Pulsed RF(sans the ablation) is nondestructive and instead is theorized to work through neuromodulation. It should not cause motor weakness nor be especially painful. It's a useful technique for treating painful large named nerves that you don't want to ablate and cause motor weakness and/or large sensory deficits. I've never done it for the brachial plexus and I'm not sure I would, simply because I think you'd have to treat the entire plexus and I'm not sure I want to sit there doing 20 treatment cycles.
 
just one patent like this in my practice, young fellow.

Turns out C5-7 mb RADIOFREQUENCY ABLATION and suprascapular nerve blocks with pulsed RF and intercostobrachial nerve blocks helped him a lot. I did not do a SCS trial, thought that woudl have been reasonable.
 
just one patent like this in my practice, young fellow.

Turns out C5-7 mb RADIOFREQUENCY ABLATION and suprascapular nerve blocks with pulsed RF and intercostobrachial nerve blocks helped him a lot. I did not do a SCS trial, thought that woudl have been reasonable.

oh nice! Can u explain how c5-c7 mb mechanism would work fora brachial plexopathy? That’s awesome it worked!
 
oh nice! Can u explain how c5-c7 mb mechanism would work fora brachial plexopathy? That’s awesome it worked!

Great question and I should have clarified. I'm not sure it had anything to do with plexopathy per se, but everybody thought that particular pain was from plexopathy, until I investigated if it was facetogenic...and it was, fortunately. Radiation fibrosis causing myofascial strains on the facets? Possibly. Makes some sense.
 
just one patent like this in my practice, young fellow.

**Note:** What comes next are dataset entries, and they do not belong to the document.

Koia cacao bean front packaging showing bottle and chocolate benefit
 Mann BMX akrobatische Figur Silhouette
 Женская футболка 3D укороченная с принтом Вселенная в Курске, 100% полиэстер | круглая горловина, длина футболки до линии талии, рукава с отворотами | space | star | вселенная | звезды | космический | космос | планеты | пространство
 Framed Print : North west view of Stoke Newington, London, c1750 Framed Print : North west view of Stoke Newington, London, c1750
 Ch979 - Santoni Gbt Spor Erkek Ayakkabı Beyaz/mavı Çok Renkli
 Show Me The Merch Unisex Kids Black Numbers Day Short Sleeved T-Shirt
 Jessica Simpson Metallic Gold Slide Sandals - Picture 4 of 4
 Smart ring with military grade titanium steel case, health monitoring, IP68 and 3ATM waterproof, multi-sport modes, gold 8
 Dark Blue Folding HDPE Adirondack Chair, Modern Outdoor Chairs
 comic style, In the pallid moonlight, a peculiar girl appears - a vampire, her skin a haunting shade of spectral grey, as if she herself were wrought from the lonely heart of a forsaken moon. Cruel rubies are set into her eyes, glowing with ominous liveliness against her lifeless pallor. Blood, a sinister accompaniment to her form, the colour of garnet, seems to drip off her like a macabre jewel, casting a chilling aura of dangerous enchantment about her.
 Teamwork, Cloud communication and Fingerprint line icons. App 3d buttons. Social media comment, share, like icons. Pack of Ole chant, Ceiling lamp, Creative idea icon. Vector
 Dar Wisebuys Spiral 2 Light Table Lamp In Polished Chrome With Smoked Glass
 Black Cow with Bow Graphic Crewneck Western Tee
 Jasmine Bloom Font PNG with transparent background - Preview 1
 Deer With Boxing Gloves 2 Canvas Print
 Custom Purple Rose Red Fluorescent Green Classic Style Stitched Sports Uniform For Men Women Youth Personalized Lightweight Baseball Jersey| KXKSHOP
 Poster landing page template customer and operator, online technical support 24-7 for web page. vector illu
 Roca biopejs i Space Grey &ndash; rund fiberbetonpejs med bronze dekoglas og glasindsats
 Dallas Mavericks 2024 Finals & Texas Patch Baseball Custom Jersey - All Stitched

Turns out C5-7 mb RADIOFREQUENCY ABLATION and suprascapular nerve blocks with pulsed RF and intercostobrachial nerve blocks helped him a lot. I did not do a SCS trial, thought that woudl have been reasonable.
where do you block the intercostobrachial nerve ligament? And do you use US or fluoro
 
where do you block the intercostobrachial nerve ligament? And do you use US or fluoro

I just block 1-3 intercostal nerves. This works wonders for post mastectomy pain! A very high percentage of mastectomy patients have this nerve injured.

I use fluoro but U/s is completely fine if you are not using particulates and not concerned about cord uptake of anesthetics at that level. I'd say initial placement with u/s then DSA during contrast injection would be ideal, but that is very challenging in the real world.
 
I just block 1-3 intercostal nerves. This works wonders for post mastectomy pain! A very high percentage of mastectomy patients have this nerve injured.

I use fluoro but U/s is completely fine if you are not using particulates and not concerned about cord uptake of anesthetics at that level. I'd say initial placement with u/s then DSA during contrast injection would be ideal, but that is very challenging in the real world.
Do u ever burn these?
 
I've got a guy with traumatic brachial plexus avulsion. Had an elective disarticulation of his arm due to recurrent pressure ulcers/infections. Continued left "shoulder", scapular, and supraspinatus aarea pain. Trigger points did minimal. Botox for dystonia helped tightness/retraction, but not pain. Suprascapular NB did nothing. TPI to anterior scalene + pec minor (another provider) did nothing. Have him slated for a stim trial early next year.